Looking elsewhere around Hockey East successful new coaches, namely Norm Bazin and Nate Leaman, did not complain about the hand they’d been dealt when they took over Lowell and Providence respectively. They made the most of what they inherited, coached up the holdover players, and have brought those programs to unprecedented success in their short time at the helm. Micheletto, despite saying in his introductory press conference that he wouldn’t, chose to break down the team and try to build it back up from scratch by installing a system that was ill-suited for the players he inherited. Three years and hundreds of goals against later it’s unknown if that system is even well-suited for the players he has chosen to build the program around.
Young players or not, this program needs to start winning. Now. It cannot wait for the current sophomores to be juniors or the freshmen to be sophomores. UMass fans have not seen a winning season since 2007 and they are abandoning the team in droves. Last season’s average attendance of 2,581 was the lowest in 13 years. The level of interest and support of the program is reaching, or possibly has already reached, a low-point. It has not helped that Micheletto has done little to cultivate relationships with the fans or community. It’s too late to try to win over what remains of UMass fandom with talk of promise and vision and future achievement. All Micheletto can do now to reverse the fortunes of the program, as well his those of his own career, is to win.

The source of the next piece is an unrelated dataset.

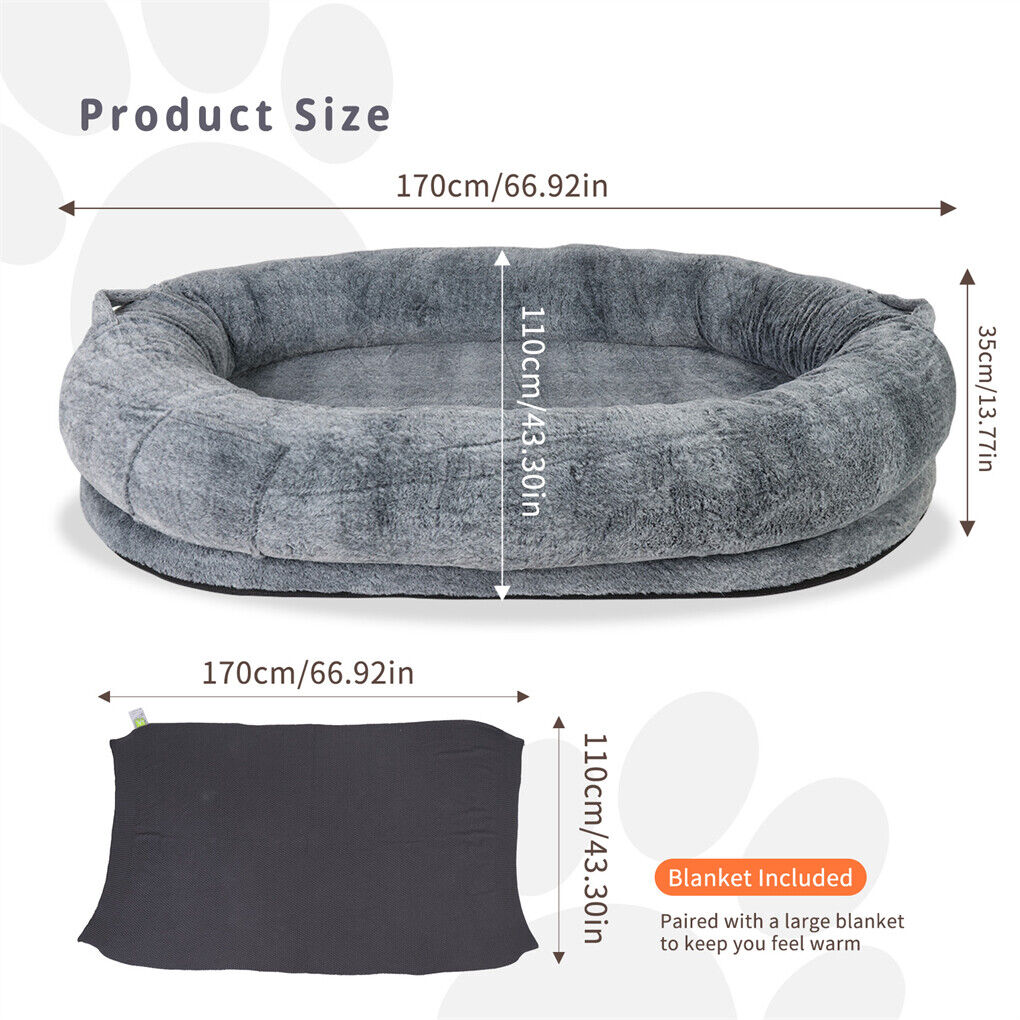 Xxxl Human-Sized Dog Bed Washable Orthopedic Pet Bed Bean Bag With Soft Blanket V767-P-XD1267
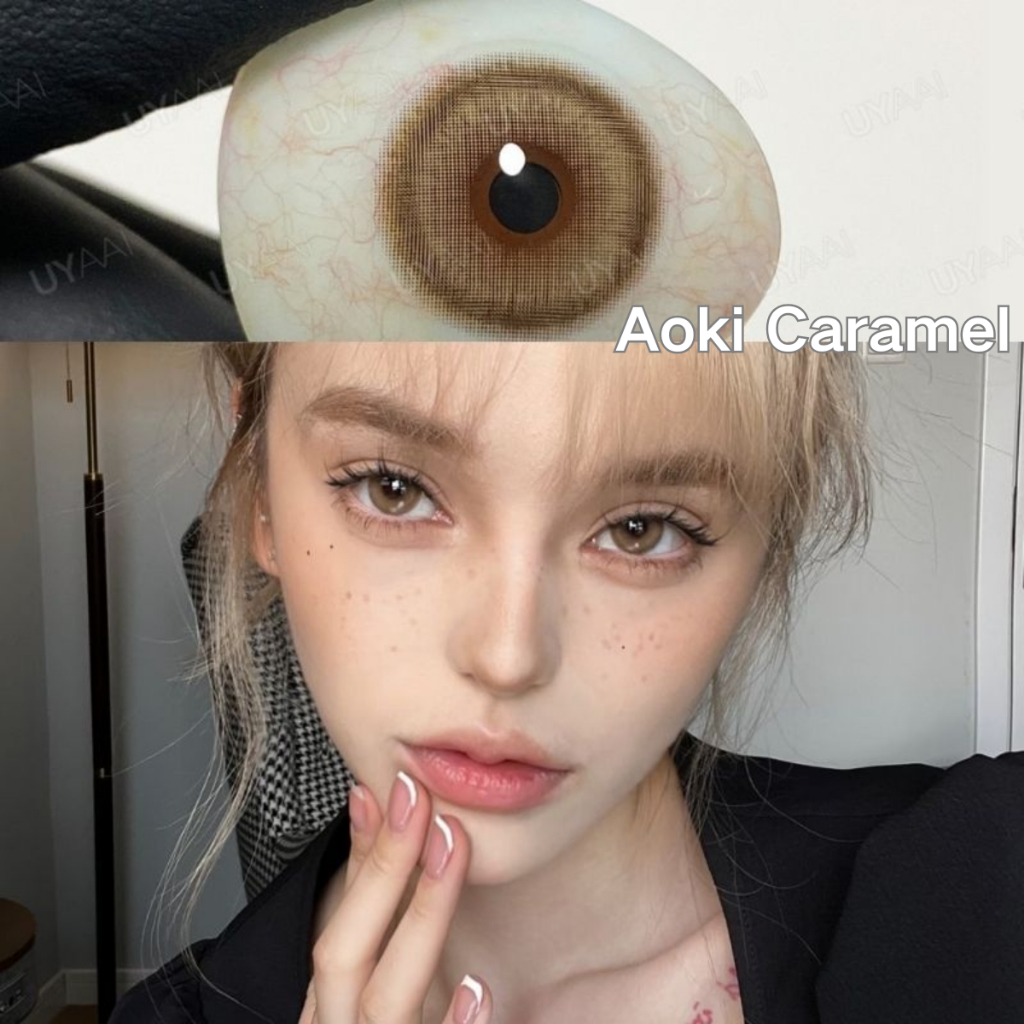 【 -0.50 -6.00 】𝐔𝐘𝐀𝐀𝐈 𝐱 𝐅𝐑𝐄𝐒𝐇𝐋𝐀𝐃𝐘 รุ่น 𝗔𝗼𝗸𝗶 𝗦𝗲𝗿𝗶𝗲𝘀 ┃ คอนแทคเลนสีน้ําตาล คอนแทคเลนส์ขนาดเท่าตา 14.0 มม. 2 ชิ้น ต่อคู่ (รายเดือน)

It’s do or die for Micheletto at UMass. I don’t know if there’s a specific level of success that new AD Ryan Bamford is looking from the program this year to feel confident in keeping the current coach on for next year, the final year of his contract. He gave an understandably standard answer when I asked him that question earlier this summer. If it were up to me anything short of a top 6 finish in Hockey East would result in a coaching change at the end of the season. That will be a tall order given the make-up of this Massachusetts hockey roster. There may end up being just too many unanswered questions, too much inexperience, for the team to find success this year.
There were a couple interesting UMass hockey updates from Twitter today. First was from Collegian writer Ross Gienieczko who reports that Dennis Kravchenko, earlier reported to be injured, has practice with the team the past two days.
There was also this tweet that, as someone who has been calling for a hockey band for years with no success, warmed my heart. You go Brennan.
These players deserve a band. Glad to see Bamford is trying to finally get it done.
Joe Haggerty predicts Matt Irwin will tally 5 goals and 15 assists for the Bruins this year. Irwin has finished the last two years with 19 and 20 points respectively.